One heating expert says spring and summer is the best time to address any potential issues before the weather turns cold again later in the year and reveals the main signs your device could be about to start struggling – and even become dangerous.
The main warning signs that your boiler is about to break down:
Gas boilers should be odourless so if you detect any sort of smell, turn it off and get it checked. There are two main types of whiff you are likely to experience if there is a problem – burning and rotten eggs. The former indicates plastic or metal inside the boiler is overheating, which needs immediate expert attention. The latter is even more serious as it flags up a gas leak. Turn off the system, open windows and doors, and contact a boiler engineer straight away.
Banging, clunking, knocking and hissing are telltale sounds that something is not right inside your boiler. Gurgling is another worrying noise to listen out for. Faulty valves and broken heat pumps are the most likely culprits, with other wear and tear also likely. Tempting as it is to ignore the noises – your central heating and water could well still be working fine – it’s always best to call out an expert immediately. This will save you from doing further damage to the appliance and therefore increase the potential repair bill.

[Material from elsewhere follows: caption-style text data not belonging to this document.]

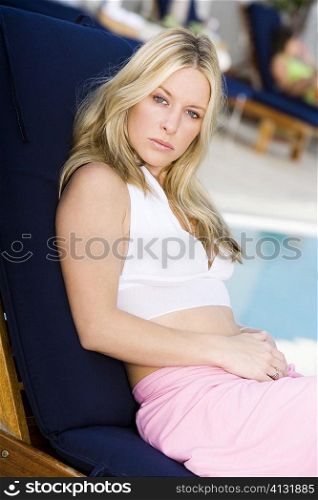 Portrait of a young woman sitting at the poolside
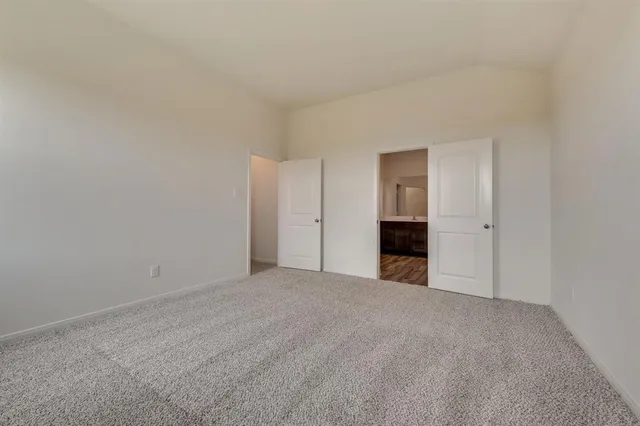 a view of an empty room with a fireplace and a window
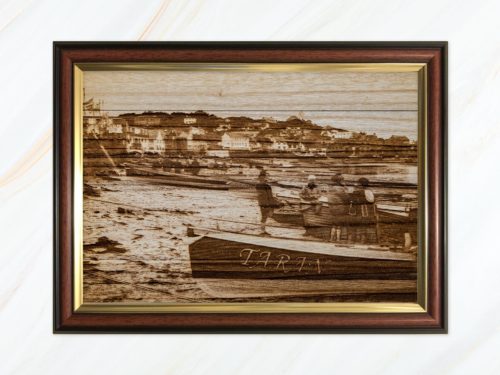Wooden pyrograph of Taran on Town Beach
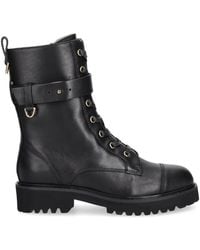 Coccinelle - Buckled-Strap Lace-Up Combat Boots - Lyst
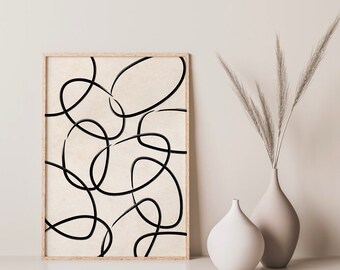 May include: A framed print with a minimalist abstract design featuring black lines forming overlapping circles on a beige background.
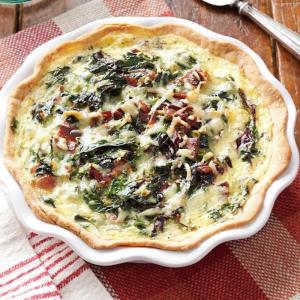 A quiche with bacon and spinach cooked on top.
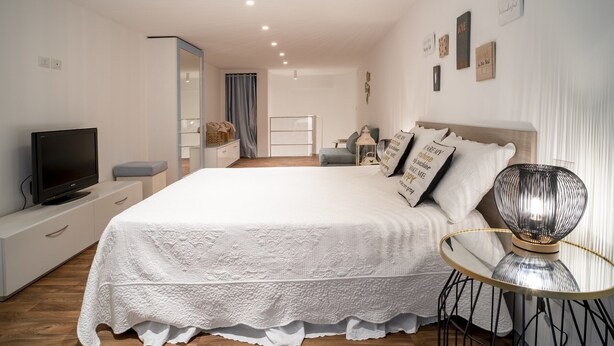 A modern bedroom with a large bed, bedside tables, a TV, and decorative wall art.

The window on the front of the boiler will show you the pilot light and if it’s not blue you have a problem. Faulty boilers can leak deadly carbon monoxide – the ‘silent killer’ that starts with headaches and nausea but can result in death if left unchecked. By all means, check there is not a draught affecting the flame and giving it an orange tinge, but the best course of action is to call out an expert to give it the once over.

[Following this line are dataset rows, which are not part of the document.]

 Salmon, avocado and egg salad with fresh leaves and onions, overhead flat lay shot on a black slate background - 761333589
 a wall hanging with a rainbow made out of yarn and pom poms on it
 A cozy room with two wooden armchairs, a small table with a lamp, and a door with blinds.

Carbon monoxide leaks often occur when too much air is getting into the system. Other signs include soot around the appliance and extra condensation in the room where the boiler is housed.
Boilers need to have the correct water pressure to work efficiently – usually between 1 and 1.5 bars when the heating is off and 2 bars when it is switched on. Most need topping up from time to time, for example, if you’ve bled the radiators. But if your pressure gauge is regularly falling it’s a good indication there is a leak somewhere in the system that needs attention. It also means the boiler will have to work harder, putting extra strain on it. If the pressure is high it’s likely the expansion vessel will be faulty or damaged. This is not dangerous in itself but will cause significant problems down the line.
Niraz Buhari, CEO of Smart Cover, said: “Boilers are the most important appliance in any home as they provide heat and hot water, which are key to modern living. This also means they are used all the time, and therefore put under strain.
“So booking in regular checks and maintenance is vital to ensuring they continue to work efficiently – and won’t leave you without warmth when you need it most.
“That’s why getting these jobs booked in spring or summer is a great idea. Not only are boiler engineers less busy when the weather is warmer, it also means you’ll have peace of mind as you head into the colder months of the year. Having a suitable insurance policy in place to cover any unexpected mishaps is also well worth sorting out.”